I rather think that they start out with nearly 100% Hardware Emulation. Means that all games run on included PS2 Chips. Over time Sony will make more and more Games compatible with Software-Emulation, so in time of PSthree and PS4 the legacy PS2/PS1 chips can be dropped out entirely.

Just think of XBox360 BC and add an additional "safety layer".
 
with the intimate knowlege of the original chips and the increase in speed and power of the PS3 they should be able to emulate it. they don't have rights problems like MS do. i thought the GS was basically a rasterizer to the Emotion Engine. the vector units can be done on SPEs. the in order/out of order execution difference might cause problems. really i don't know of anything that makes it impossible, but then i'm no expert, so there could be things that would be a problem i'm unaware of.
 
It isn't possible to truly render something that does not exist in 720p. Games will be just upscaled like on the 360.
It is possible to render the games in whatever resolution you want; but, at least last I heard, BC games on the PS3 will simply be upscaled like BC games are on the 360.
 
with the intimate knowlege of the original chips and the increase in speed and power of the PS3 they should be able to emulate it. they don't have rights problems like MS do. i thought the GS was basically a rasterizer to the Emotion Engine. the vector units can be done on SPEs. the in order/out of order execution difference might cause problems. really i don't know of anything that makes it impossible, but then i'm no expert, so there could be things that would be a problem i'm unaware of.

The problem is creating an emulated environment that can simulate the bandwidth of GS and it's eDRAM. In all past discussions on the topic, that has always been the main sticking point.
 
The problem is creating an emulated environment that can simulate the bandwidth of GS and it's eDRAM. In all past discussions on the topic, that has always been the main sticking point.
Actually, that's been the most common concern from most people, but the PS2 devs here have said that's among the least of BCs concerns. There's lots of things GS does that standards GPU's don't do, and that's where things become awkward. Eithet RSX has hardware support for GS functions, or there's GS hardware in there to 'accommodate those games that do things in a way KK didn't expect them to do', or some magic syrup fresh from the Emulation Trees of Whizzywhizzy-Land :???:
 
The problem is creating an emulated environment that can simulate the bandwidth of GS and it's eDRAM. In all past discussions on the topic, that has always been the main sticking point.

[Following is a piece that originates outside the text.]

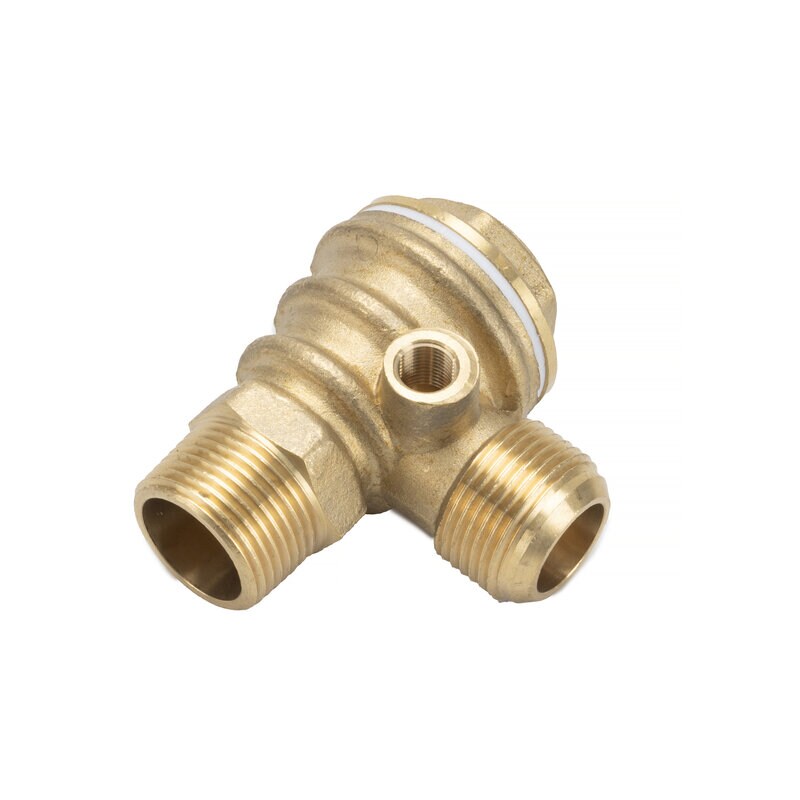 Product Image for Backventil till kompressor 5,5 hk & 7,5 hk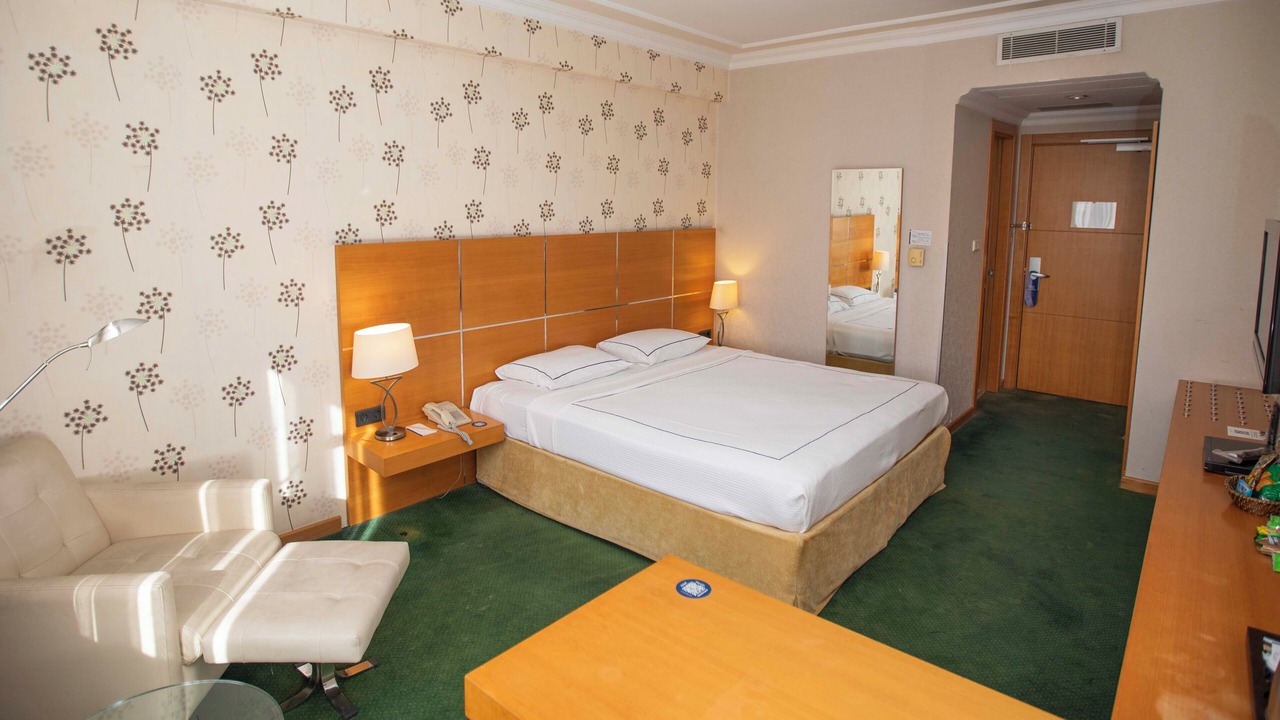 Photo of Bedroom in Yunusemre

It would have been nice if 4MB eDRAM addressable by all the SPEs was built into Cell. I am sure programmers would have found a use for it, and not just for games.
 
they've got the local store and you could probably just keep some stuff cycling around the ring bus untill needed.
 
they've got the local store and you could probably just keep some stuff cycling around the ring bus untill needed.
I heard IBM were working on nanotechnology for the purpose of creating bicycles small enough for just that requirement...

How could you have stuff cycling around the ring bus? The bus moves data from one area to another. You can't have data sitting in it. You could keep moving data around from SPE to SPE, but it'd still occupy as much LS as the size of the data. You make it sound as though a couple of MBs could be left in the ring bus waiting to be fetched into LS for use :???:
 
you could probably just keep some stuff cycling around the ring bus untill needed.
Very bizarre statement... While there's sure to be buffer stages on the EIB, due to the fact it stretches almost from one end of the chip to the other, it'd only be to hold a data chunk for the single clock cycle it takes to move it from one section of the bus to the next. It wouldn't be a storage space, buses don't work that way.